Mitigating Heating of Degenerate Fermions in a Ring-Dimple Atomic Trap

TL;DR

This paper investigates how a ring-dimple trap geometry reduces heating in a degenerate Fermi gas, with experimental results aligning with a model of background gas collision effects, aiding studies of fermionic superfluids.

Contribution

It demonstrates that a ring-dimple trap geometry can suppress heating in a degenerate Fermi gas, supported by experimental data and a collision-based heating model.

Findings

Heating rate is reduced in the ring-dimple trap with a halo.

Experimental heating rates agree with the hole-induced heating model.
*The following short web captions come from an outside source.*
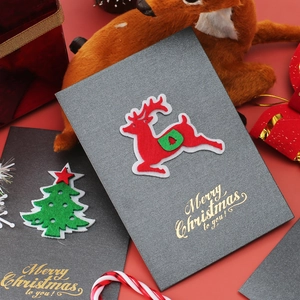 Vintage pearlescent Christmas card with 3D felt reindeer and gold foil lettering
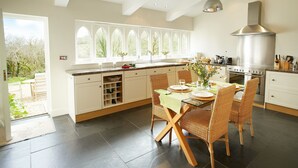 A modern kitchen with a large island, white cabinetry, and a view of the garden through the windows. - Woodland Cottage, South Moulton, a beautiful, spacious cottage on two floors in a private location (South Molton)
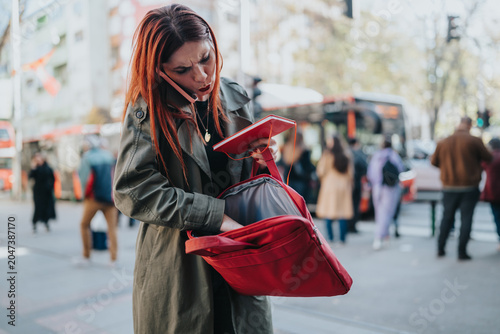 Quadro su tela A young woman talks on her phone while searching through a red backpack on a city sidewalk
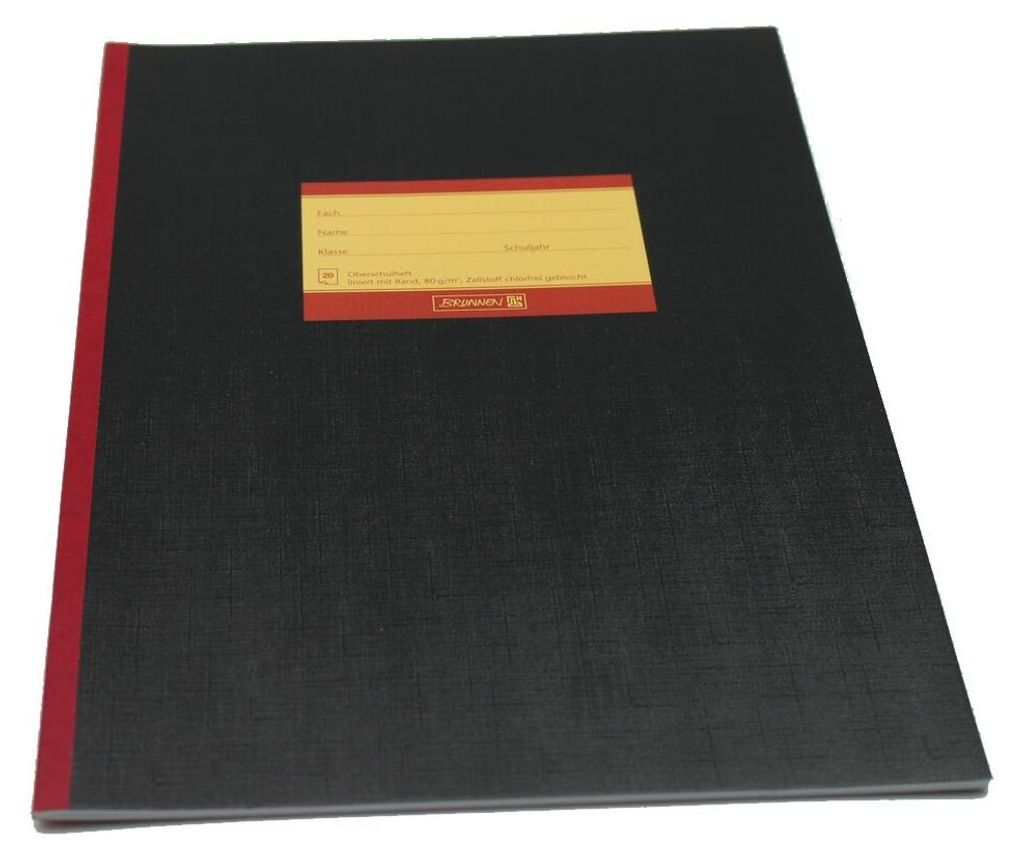 A black notebook with a red spine and a yellow label on the front cover.
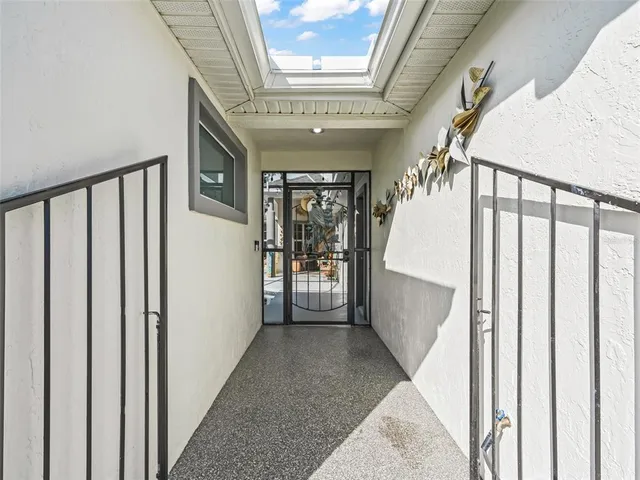 a living room with fireplace furniture and a large window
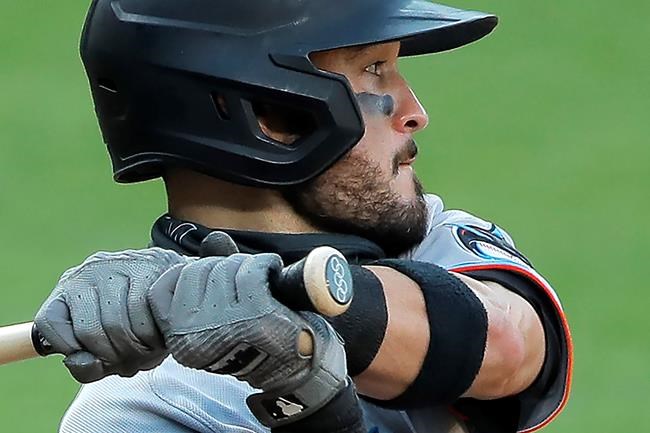 FILE - The Olympic rings are seen on the knob of Miami Marlins' Eddy Alvarez's bat as he swings at a pitch from the Baltimore Orioles during the seventh inning in the first game of a baseball doubleheader in Baltimore, in this Wednesday, Aug. 5, 2020, file photo. Alvarez, having won a silver in speed skating at Sochi in 2014, helped the U.S. reach the Olympic baseball tournament and could become only the third American to win medals at the summer and winter Games. (AP Photo/Julio Cortez, File)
Suppression of heating aids long-term fermionic superfluid studies.

Abstract

We report on the impact of the extended geometry of a ring-dimple trap on particle loss heating of a degenerate Fermi gas. When the Fermi level is slightly greater than the depth of the dimple and a non-degenerate "halo" is present, the overall heating rate is reduced relative to the case of a bare ring. We find that the experimentally measured heating rates for the overfilled dimple are in good agreement with a model of the hole-induced heating caused by background gas collisions. This suppression of the heating rate can be helpful for experimental studies of fermionic superfluids in the weak pairing limit, where achieving and maintaining low temperatures over long time scales is essential.